Editor’s note: There have been several cases over the years concering In God We Trust as our national motto. This series of posts is meant as a general guide to those cases, but should not be taken to be expert legal advice.
The following is a guest post by Scott McKeller
Aronow v. United States
In 1970, for the first time, the Federal courts addressed the constitutionality of the National Motto.
Stefan Ray Aronow, of Woodland, CA, had challenged the motto on First Amendment grounds as an establishment of religion. The district court ruled that Aronow did not have standing, and declined to rule on the merits of the case.
The issue of standing is the issue of whether someone has the right to file suit in the first place. For example, I can’t sue you for something you did to my sister-in-law that didn’t involve me. I have to have skin in the game. As Cornell’s Legal Information Institute puts it:
“At the Federal level, legal actions cannot be brought simply on the ground that an individual or group is displeased with a government action or law. Federal courts only have constitutional authority to resolve actual disputes…Only those with enough direct stake in an action or law have “standing” to challenge it.
It isn’t easy to show that you have been materially harmed by a national motto — or in legal terms, to state a claim for which relief can be granted. If applied rigorously, the issue of standing could shield a motto from all judicial scrutiny, even if it is blatantly unconstitutional.”
Aronow appealed. To its credit, the Ninth Circuit didn’t dodge the issue. A three-judge panel sidestepped the issue of standing and ruled on the merits.
Unfortunately, it came up with the wrong answer.
The Court cited Engel v. Vitale, a 1962 case about prayer in schools. The New York Board of Regents had stipulated that a specific prayer be recited by students. The Supreme Court struck down the government-composed prayer as an unconstitutional establishment of religion. In Aronow, the Ninth Circuit essentially said: “Now that was establishment of religion. The National Motto ain’t in the same league.”
Apparently the First Amendment is dose-dependent. A little bit of establishment is okay.
The Court also cited McGowan v. Maryland. In 1961 the Supreme Court upheld the Maryland Sunday Closing laws, which limited commercial activity on Sundays. For example, stores could sell some kinds of merchandise on Sundays but not others. The ruling acknowledged that Sunday Closing laws were historically rooted in Christian religious practices and remained in harmony with them. It noted however that those laws could be justified on purely secular grounds, and that neither their legislative history nor their practical effect pointed to an establishment of religion.
The McGowan case seems oddly off-target here. There may well be purely secular reasons for Sunday Closing laws, but can there possibly be a purely secular reason to say “In God we trust?” The National Motto is, on its face, an affirmation of religious faith.

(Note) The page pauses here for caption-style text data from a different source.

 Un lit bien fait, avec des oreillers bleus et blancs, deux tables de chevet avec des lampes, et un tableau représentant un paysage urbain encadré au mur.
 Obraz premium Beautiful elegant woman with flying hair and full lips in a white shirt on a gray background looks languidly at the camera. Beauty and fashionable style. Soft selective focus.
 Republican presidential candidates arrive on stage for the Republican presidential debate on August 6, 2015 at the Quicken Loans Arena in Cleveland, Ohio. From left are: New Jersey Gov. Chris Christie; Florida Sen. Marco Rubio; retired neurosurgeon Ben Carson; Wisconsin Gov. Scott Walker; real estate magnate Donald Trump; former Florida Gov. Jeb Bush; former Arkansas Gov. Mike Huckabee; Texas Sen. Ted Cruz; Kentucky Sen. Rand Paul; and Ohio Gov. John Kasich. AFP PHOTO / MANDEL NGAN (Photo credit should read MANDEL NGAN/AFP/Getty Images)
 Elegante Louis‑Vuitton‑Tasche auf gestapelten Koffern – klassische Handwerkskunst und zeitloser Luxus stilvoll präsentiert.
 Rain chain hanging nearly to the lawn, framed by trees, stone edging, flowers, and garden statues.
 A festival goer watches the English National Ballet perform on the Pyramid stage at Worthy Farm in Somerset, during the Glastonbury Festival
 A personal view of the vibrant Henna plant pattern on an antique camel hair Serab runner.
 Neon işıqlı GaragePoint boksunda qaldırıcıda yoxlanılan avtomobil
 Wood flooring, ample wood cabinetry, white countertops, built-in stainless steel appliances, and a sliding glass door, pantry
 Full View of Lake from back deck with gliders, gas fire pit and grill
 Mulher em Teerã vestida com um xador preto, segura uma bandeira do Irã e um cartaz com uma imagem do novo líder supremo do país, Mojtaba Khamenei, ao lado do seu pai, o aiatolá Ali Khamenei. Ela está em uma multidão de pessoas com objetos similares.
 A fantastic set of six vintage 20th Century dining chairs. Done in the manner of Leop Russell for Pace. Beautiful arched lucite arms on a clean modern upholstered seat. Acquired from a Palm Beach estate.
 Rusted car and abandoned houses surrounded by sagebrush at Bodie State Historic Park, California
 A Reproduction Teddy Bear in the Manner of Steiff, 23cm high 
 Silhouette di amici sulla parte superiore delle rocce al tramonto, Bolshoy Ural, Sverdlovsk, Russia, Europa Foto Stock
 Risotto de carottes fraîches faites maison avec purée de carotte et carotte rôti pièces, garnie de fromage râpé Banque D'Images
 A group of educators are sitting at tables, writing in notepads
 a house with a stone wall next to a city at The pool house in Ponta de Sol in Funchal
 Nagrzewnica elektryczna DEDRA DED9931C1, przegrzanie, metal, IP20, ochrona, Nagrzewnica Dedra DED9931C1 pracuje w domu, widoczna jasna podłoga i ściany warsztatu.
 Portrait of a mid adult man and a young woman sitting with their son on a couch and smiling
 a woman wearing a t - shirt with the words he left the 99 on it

Determined to preserve the National Motto at any cost, the Ninth Circuit did the only thing it could do: it ruled that, no, this obviously religious declaration isn’t religious at all.
It is not easy to discern any religious significance attendant the payment of a bill with coin or currency on which has been imprinted “In God We Trust” or the study of a government publication or document bearing that slogan. In fact, such secular uses of the motto was viewed as sacrilegious and irreverent by President Theodore Roosevelt. Yet, Congress has directed such uses. While “ceremonial” and “patriotic” may not be particularly apt words to describe the category of the national motto, it is excluded from First Amendment significance because the motto has no theological or ritualistic impact. As stated by the Congressional report, it has “spiritual and psychological value” and “inspirational quality.”
This paragraph is, well, it’s just weird.
First, the Court cites Theodore Roosevelt’s objection to putting “In God we trust” on the coinage. He thought it disrespectful to sully a solemn religious sentiment by placing it in a crassly commercial context. Two sentences later, by judicial fiat, the Court robs the motto of the very religious solemnity that Roosevelt sought to protect.
For a lawyer, who has received years of specialized training and experience in the corruption of language and the distortion of reality, words mean whatever the Court finds it convenient for them to mean. The ruling might just as well have cited oral argument from Alice v. Dumpty:
“When I use a word,” Humpty Dumpty said in rather a scornful tone, “it means just what I choose it to mean — neither more nor less.”
“The question is,” said Alice, “whether you CAN make words mean so many different things.”
“The question is,” said Humpty Dumpty, “which is to be master — that’s all.”
Aronow appealed again. The Supreme Court denied certiorari, in effect agreeing with the Ninth Circuit. The ruling has been cited in other cases such as Kidd v. Obama and Newdow v. Lefevre.
It is now settled law: “In God we trust” doesn’t mean that we trust in God.